Comment by miki123211
2 days ago
They're funding criminal organizations in the same way you're funding one if you get your hair cut at a hair salon which works as a front for money laundering.
That is, mostly unknowingly, perhaps suspecting what's going on, but politely trying to ignore it for their own convenience.
A hair salon is a legitimate business. "Residential proxies" have very little legitimate use, and are sourced by unethical means, so it's not a fair comparison.
>"Residential proxies" have very little legitimate use
You have to be joking. Having seen a list of biggest Luminati contracts, legitimate use makes up probably well over 90% of traffic via these services.
It’s companies like Expedia and OpenAI, not Nigerian princes.
Yeah sure, fraud happens. Those customers aren’t even lucrative because posting scam ads on Craigslist or wherever does not use much bandwidth.
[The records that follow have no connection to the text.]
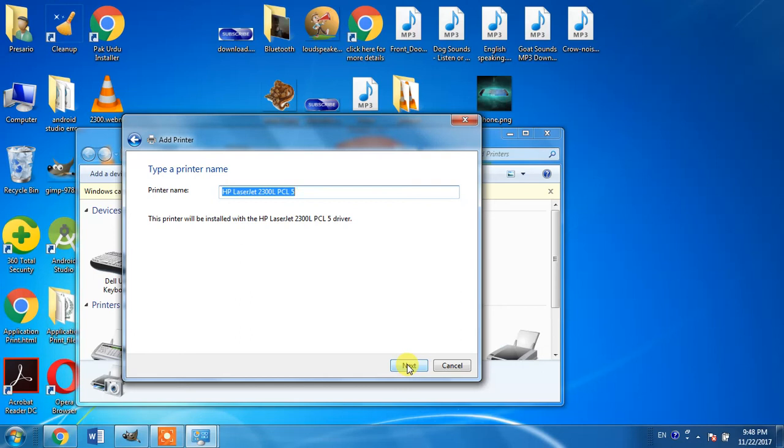But I have already installed my printer and I do not need to install this printer, so I am not clicking next. Thank you guys, goodbye.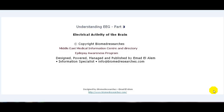Hi, this is Imad Al-Alan, Biomed Research's Middle East Medical Information Center and Directory Epilepsy Awareness Program Founder and Publisher. I welcome you to the third episode of Understanding EEG. This episode will be on the electrical activity of the brain.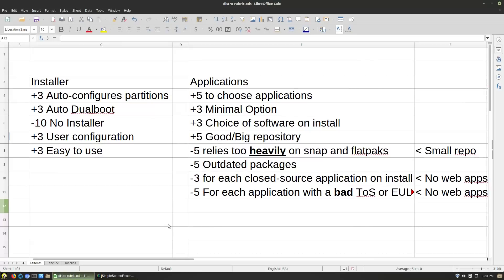Next we are on to installers. If your installer auto-configures partitions, extra bonus because it means we don't have to fight with stuff. Same thing if it will auto-configure a dual boot — I don't recommend dual booting on the same hard drive, but we'll give some points if you can. You're going to lose some points if your distro doesn't have an installer. I personally am not going to be doing a lot of things that don't have easy installers. Debian lately has been giving me some installing issues if I haven't pre-configured my partitions, so that might get a negative.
Criminals also use Google search.
And why is OpenAI using residential proxies instead of their own or some datacenter address space? Are they not using the proxies to steal data from unwilling website operators? I would count that as an illegitimate use. If they can't operate openly and have to bypass restrictions, they are doing something shady.
How would OpenAI routing requests through an Aisuru-compromised IoT botnet member be "legitimate"?
Besides the small matter of the victim in the arrangement, the entire reason OpenAI does it is ban evasion, which is not legitimate.
Watching netflix is plenty legitimate in my book.
Netflix execs trying to restrict account sharing and implementing region locks wouldn't agree with that ;)
I think it is a valid reason to use residential proxies as an individual (because I think that these region locks and other restrictions are bs), but if a company does that to bypass crawling restrictions - it is wrong.